MATERIAL TO PROCESS:
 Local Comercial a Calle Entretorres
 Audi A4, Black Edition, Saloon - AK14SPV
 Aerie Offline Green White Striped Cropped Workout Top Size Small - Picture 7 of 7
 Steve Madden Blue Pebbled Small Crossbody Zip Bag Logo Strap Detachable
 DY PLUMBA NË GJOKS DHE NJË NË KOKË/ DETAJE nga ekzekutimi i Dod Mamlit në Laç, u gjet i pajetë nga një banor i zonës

--

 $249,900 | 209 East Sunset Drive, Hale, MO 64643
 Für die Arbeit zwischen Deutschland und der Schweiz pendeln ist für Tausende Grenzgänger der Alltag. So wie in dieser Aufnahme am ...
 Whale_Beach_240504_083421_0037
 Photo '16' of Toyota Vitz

==

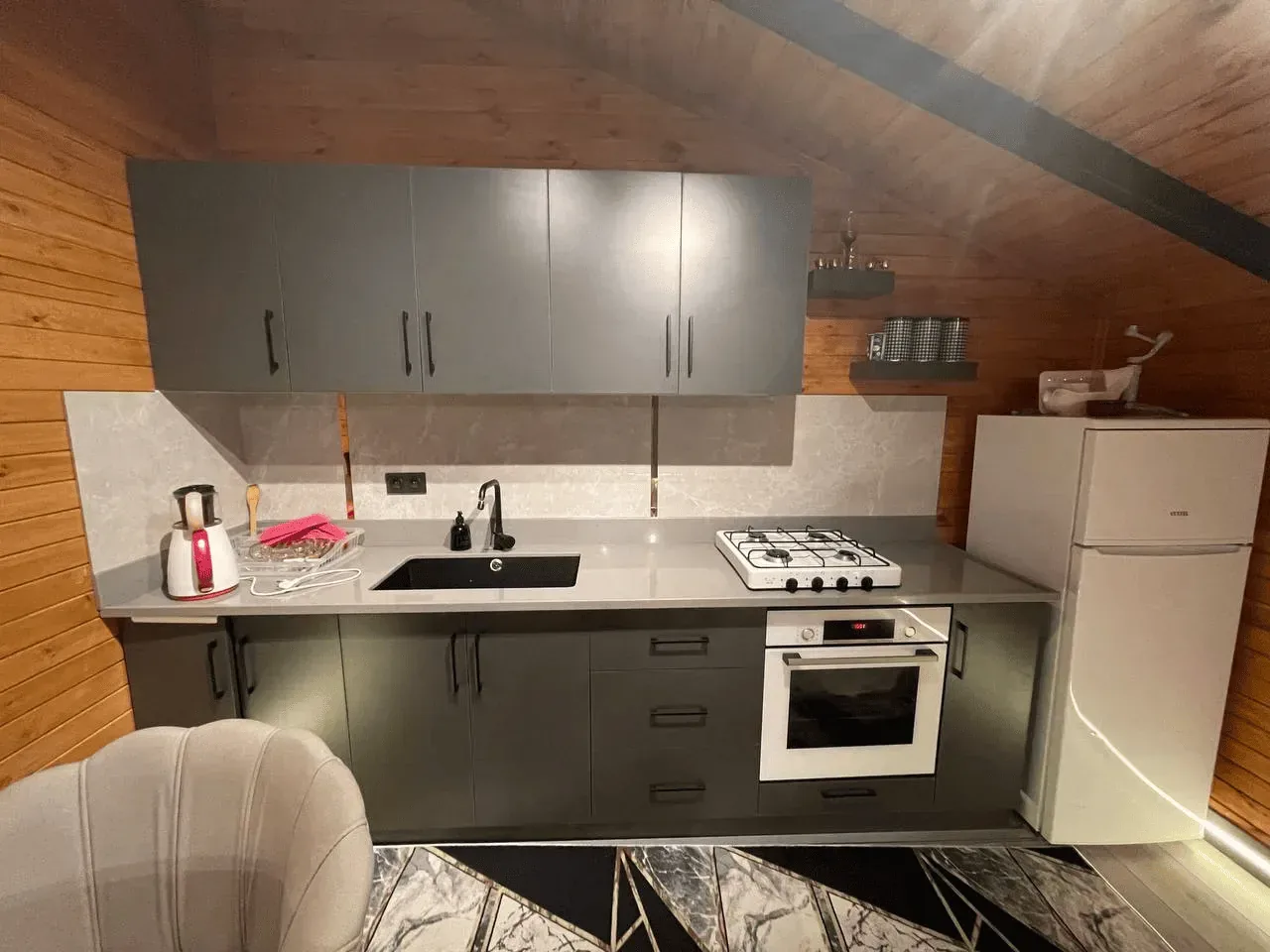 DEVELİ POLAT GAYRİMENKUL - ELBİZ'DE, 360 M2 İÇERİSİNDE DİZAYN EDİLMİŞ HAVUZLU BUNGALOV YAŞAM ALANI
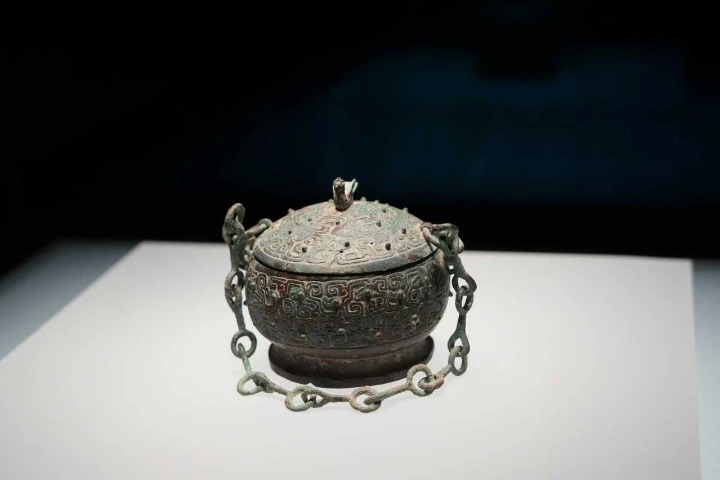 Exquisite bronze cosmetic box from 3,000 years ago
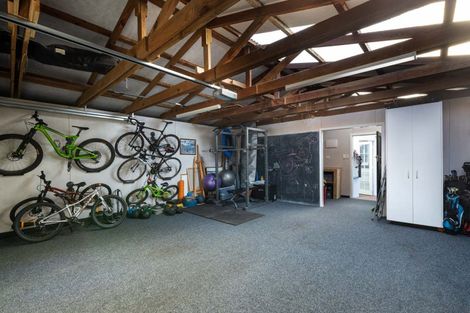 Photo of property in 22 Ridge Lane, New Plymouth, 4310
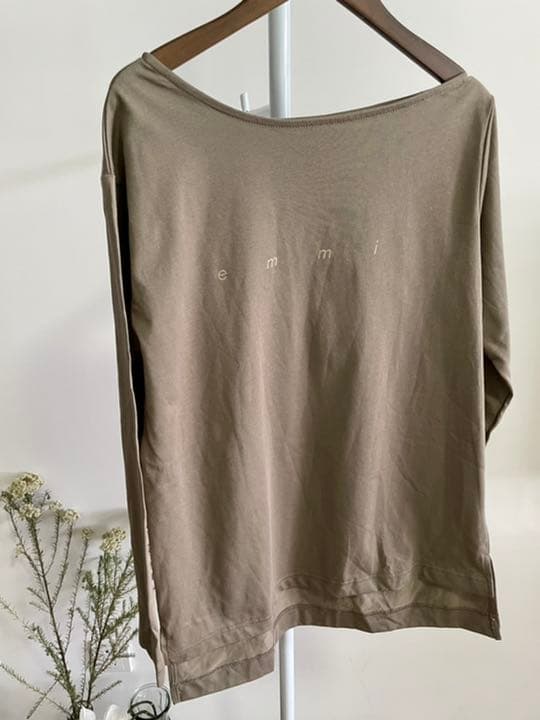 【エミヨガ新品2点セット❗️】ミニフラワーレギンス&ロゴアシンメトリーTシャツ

REQUIRED WORK: From the entries above, write out only the lines starting at the line that holds "Local Comercial a Calle Entretorres" and ending at the line that holds "DY PLUMBA NË", keeping both and matching them exactly.

COMPLETED TASK:
 Local Comercial a Calle Entretorres
 Audi A4, Black Edition, Saloon - AK14SPV
 Aerie Offline Green White Striped Cropped Workout Top Size Small - Picture 7 of 7
 Steve Madden Blue Pebbled Small Crossbody Zip Bag Logo Strap Detachable
 DY PLUMBA NË GJOKS DHE NJË NË KOKË/ DETAJE nga ekzekutimi i Dod Mamlit në Laç, u gjet i pajetë nga një banor i zonës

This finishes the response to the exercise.